Tuesday, August 26, 2008

On Passion

So my theory on "bridle all your passions that ye may be filled with love" as of late.
a) that passions have less physical/healthy/acceptable counterparts. So love is akin to but different from lust, anger is akin to but different from righteous indignation, etc. When we're asked to bridle our passions, we're not asked to become an unmoved being, but to focus on the healthy and necessary counterparts of the drives that motivate us.
b) because passions are physical, you can feel them in your body. So lust is pretty obvious, but does anyone else feel jealous in their gut? Literally feel the longing and anger up through their abdomen and attached solidly to the muscle of your neck and upper back?
c) that love (and I'm thinking charity) is a kind of skittish creature. Once our bodies (unfettered) get in the way, we can't feel it.
So jealousy. The selfish evil twin sister of, what, admiration? I think a passion we don't often think of as such. How do we bridle this fellow? Any ideas?

5 comments:

David Grover said...

Perhaps the twin of jealousy is ambition, some kind of righteous ambition.

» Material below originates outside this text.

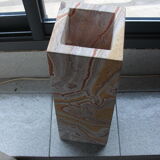 Large serpentine marble floor sheath vase carved into the mass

Anger is certainly felt in the body. Very few but memorable times I have been filled with odd and unexplainable anger that moved muscles and all that. I'm not sure it was righteous, even if it had its beginnings in a righteous place. Not to say I pummeled anybody; I just squirmed.

Emily Fox King said...

i love everything i've read in the last 5 minutes on your blog. thanks for writing, and writing so well.

Jeremy said...

Logically jealousy would be connected to feeling glad for others' success/ possessions/ happiness. What is the ideal of that? Interesting question. I don't know if there is one.

What advantage is there to being glad for others in any kind of spiritual sense? It seems like this passion is tied more to negativity ... see, e.g. President Benson's Pride talk about how envying the rich is a form of pride. Lots of ways to get from jealousy to sins, but I don't see any commandments to cheer on the winners in life, just to not be so proud as to resent them or covet their stuff.

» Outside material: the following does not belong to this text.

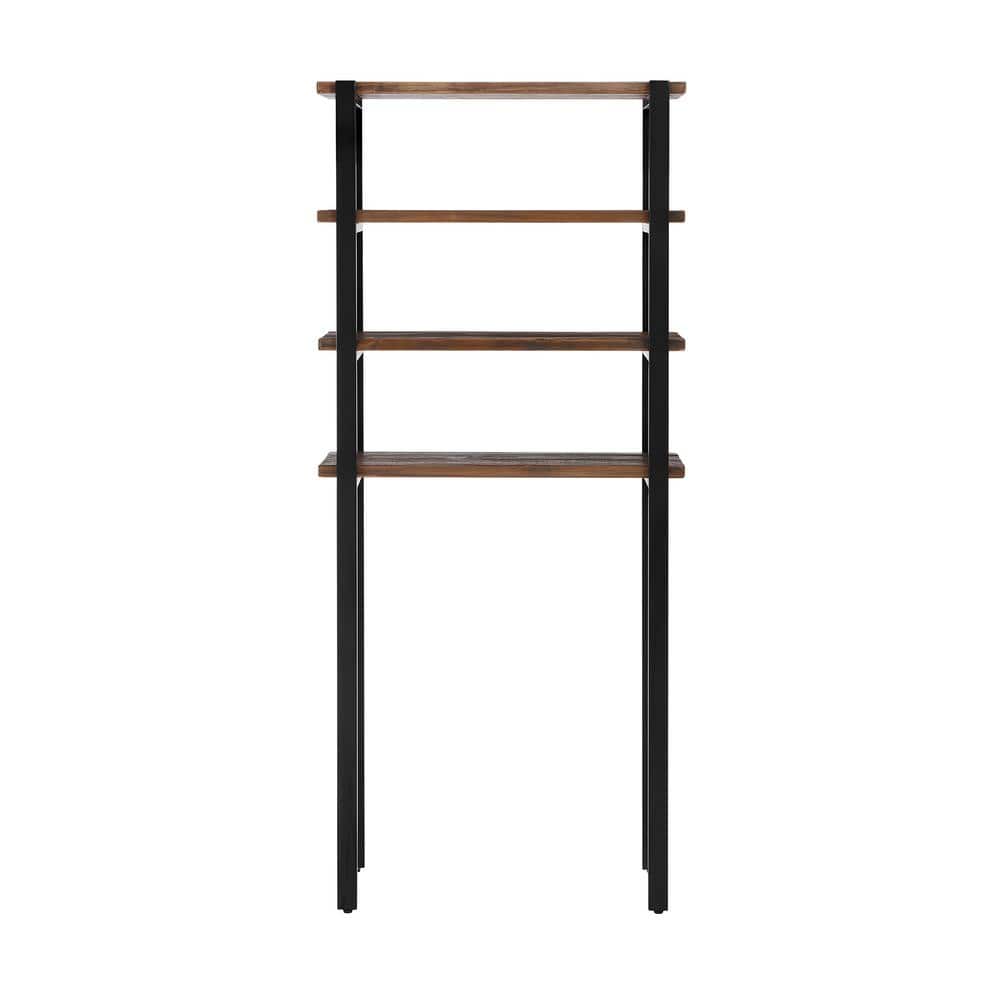 Pomona Black and Wood Over-the-Toilet 4-Shelf Storage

I think Yoda said something about it in Revenge of the Sith, which, if I could remember it exactly, I am sure clear everything up it would.

Makayla Steiner said...

Now here's an interesting thing (glad your fast is over, btw).

When jealousy is used as a noun meaning "envy," the antonym is listed as "pride or admiration."

I actually think there's quite a lot of spiritual advantage to being glad for others. There is something about such admiration and excitement on behalf of another that just screams charity to me. To love others, to be proud of somebody and excited for them, to admire them and encourage them (all opposites of jealousy) without any "real" advantage to yourself is actually the greatest thing of all, for it turns you into something else. What a way to cast off the "natural man" and become more Christlike. So while there may not be many obvious commandments instructing us to be glad for others, I think it's safe to assume that when the Lord asks us to not be jealous or covetous, that he is in effect asking us to be charitable - to be the kind of person who doesn't always have to see something in it for themselves.

Rachel said...

Jeremy-- Romans 12:15: Rejoice with them that do rejoice, and weep with them that weep.

I think there is something fundamentally Christlike about cheering on the winners (or losers). It seems like a natural extension of "As I have loved you, love one another" and the golden rule. Does Christ cheer the winners? I think so. Is it nice when other people celebrate your success with you? If so, share the rejoicing, right?

Now, the definition of success is a whole different thing.